Las palabras de Javier, le hicieron tomar una decisión a Claudia y se giró hacia el hombre.

—Acepto casarme contigo… —hizo una pausa, porque no sabía su nombre y él terminó de presentarse.

—Andrew Davis. Ahora vamos a casarnos.

Ella cargaba lo que le pedían y anexó el certificado de divorcio, le entregaron los documentos al empleado quien los miraba de una manera indiferente mientras tomaba los papeles.

—Parece que todo está en orden —dijo sin levantar la vista de la pantalla del ordenador.

Se permitió un suspiro de alivio y miró de reojo entre la multitud. Su exmarido permanecía cerca de la entrada, un espectro inamovible, su presencia más opresiva que el silencio entre ellos.

Se suponía que debía marcharse, para concederle esta última dignidad, pero en lugar de eso, observaba, como un frío espectador, de su teatro privado de clausura.

—¿Podemos darnos prisa? —susurró ella, con una voz que apenas se distinguía del murmullo de las conversaciones en voz baja a su alrededor.

—Hay que seguir los procedimientos —respondió el empleado, ajeno o indiferente a su urgencia.

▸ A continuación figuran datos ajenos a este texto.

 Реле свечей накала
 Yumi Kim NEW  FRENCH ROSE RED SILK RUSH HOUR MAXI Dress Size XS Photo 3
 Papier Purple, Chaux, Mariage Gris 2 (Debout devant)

Veinte minutos después se oficiaba el matrimonio, un destello de luz captó su atención. Les habían hecho una foto, un intruso inoportuno que se apoderaba de un recuerdo que ella prefería olvidar. 

El corazón se le estrujó al ver el certificado de matrimonio que tenía ahora en las manos, un símbolo de una nueva vida.

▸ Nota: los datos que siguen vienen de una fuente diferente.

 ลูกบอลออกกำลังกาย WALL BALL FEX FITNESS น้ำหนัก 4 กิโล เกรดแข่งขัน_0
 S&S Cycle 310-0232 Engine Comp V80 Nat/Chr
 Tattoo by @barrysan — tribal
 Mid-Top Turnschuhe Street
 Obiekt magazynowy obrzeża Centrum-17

Concluido el proceso, se aferró a la normalidad cogiendo del brazo a su nuevo esposo. Caminaron hacia la salida, sus pasos impulsados por la necesidad de escapar de la gravedad de su pasado.

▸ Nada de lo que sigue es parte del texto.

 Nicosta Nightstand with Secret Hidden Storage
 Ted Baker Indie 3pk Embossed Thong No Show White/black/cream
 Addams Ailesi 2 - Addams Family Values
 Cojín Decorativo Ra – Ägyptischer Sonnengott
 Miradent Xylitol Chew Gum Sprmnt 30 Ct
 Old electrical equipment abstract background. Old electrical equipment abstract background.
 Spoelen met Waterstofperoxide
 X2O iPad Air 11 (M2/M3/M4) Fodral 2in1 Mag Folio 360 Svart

Justo cuando se acercaba al umbral, que prometía libertad, él se detuvo bruscamente y la soltó del brazo. 

Sus ojos eran una tempestad de emociones cuando se volvió hacia ella, con el peso de las palabras no dichas colgando entre ellos.

—Espera un momento, hay algo que me muero por hacer —dijo, con una voz cargada de significado que ella no pudo ignorar. 

Su corazón se aceleró, golpeando contra su caja torácica, mientras las preguntas arañaban su mente. ¿Qué iba a hacer? La expectación era algo vivo, ansioso y salvaje, que exigía respuestas que ella no estaba segura de querer oír.